Discussion in 'System Modeling and Calculations' started by jghrist, Feb 3, 2010.

  1. jghrist Well-Known Member

    What calculation method do you think would be most appropriate for medium voltage padmount equipment? IEEE 1584 or ARCPRO?

    I'm of the opinion that incident energy for deadfront padmount equipment would be best calculated with ARCPRO because the probability of a three-phase fault is remote and IEEE assumes that all faults develop into three-phase faults.

    ARCPRO is based on open-air faults but has a multiplier that can be applied for arc-in-a-box.

    For three-phase live-front equipment, I think IEEE calcs are more appropriate because three-phase arcs can occur.

    Does it make any difference if the owner is an industry or a utility? NFPA 70E is required for industry and NESC is required for utilities.
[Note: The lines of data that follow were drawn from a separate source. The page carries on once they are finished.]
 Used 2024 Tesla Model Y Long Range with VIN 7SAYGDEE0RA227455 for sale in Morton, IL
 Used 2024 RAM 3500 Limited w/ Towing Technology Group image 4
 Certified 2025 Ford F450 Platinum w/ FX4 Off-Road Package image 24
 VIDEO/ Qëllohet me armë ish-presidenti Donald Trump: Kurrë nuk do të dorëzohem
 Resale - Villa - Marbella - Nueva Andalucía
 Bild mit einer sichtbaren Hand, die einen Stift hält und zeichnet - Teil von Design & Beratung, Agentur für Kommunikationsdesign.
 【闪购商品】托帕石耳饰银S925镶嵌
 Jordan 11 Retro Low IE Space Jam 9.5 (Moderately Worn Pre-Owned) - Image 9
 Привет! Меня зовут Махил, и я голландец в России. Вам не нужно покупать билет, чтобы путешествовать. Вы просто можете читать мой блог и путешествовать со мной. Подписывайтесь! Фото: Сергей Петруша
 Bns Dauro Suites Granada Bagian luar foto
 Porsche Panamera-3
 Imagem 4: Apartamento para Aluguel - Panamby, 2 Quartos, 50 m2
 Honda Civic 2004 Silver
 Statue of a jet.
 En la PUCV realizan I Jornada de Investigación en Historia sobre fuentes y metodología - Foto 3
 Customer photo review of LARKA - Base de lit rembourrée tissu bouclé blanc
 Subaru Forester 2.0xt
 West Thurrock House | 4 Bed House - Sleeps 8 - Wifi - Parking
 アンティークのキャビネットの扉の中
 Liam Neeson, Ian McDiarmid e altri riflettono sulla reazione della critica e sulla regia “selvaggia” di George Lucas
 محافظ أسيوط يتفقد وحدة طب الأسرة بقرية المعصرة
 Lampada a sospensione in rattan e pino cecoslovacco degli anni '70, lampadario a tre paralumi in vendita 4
NFPA has IEEE calcs in its appendix and NESC uses ARCPRO do develop tables for voltages > 1kV, but neither standard requires a particular calculation method.
  2. acobb Well-Known Member

    We have used Arcpro for the dead front high voltage and 1584 for the exposed low voltage on padmounted equipment for just the reasons you stated.

    One would think that with proper application either method should be suitable, but then there is the case of the engineer being found at fault for not having minimum settings on the ground fault trip. So I guess logic has no place in the courtroom.
  3. Vincent B. Well-Known Member

    It is logic. It's just lawyers logic, not engineers logic. See the Chewbacca defense, for an example of lawyers logic.
  4. acobb Well-Known Member

    Sad but true!
  5. Zog Well-Known Member

    Classic, I loved that episode.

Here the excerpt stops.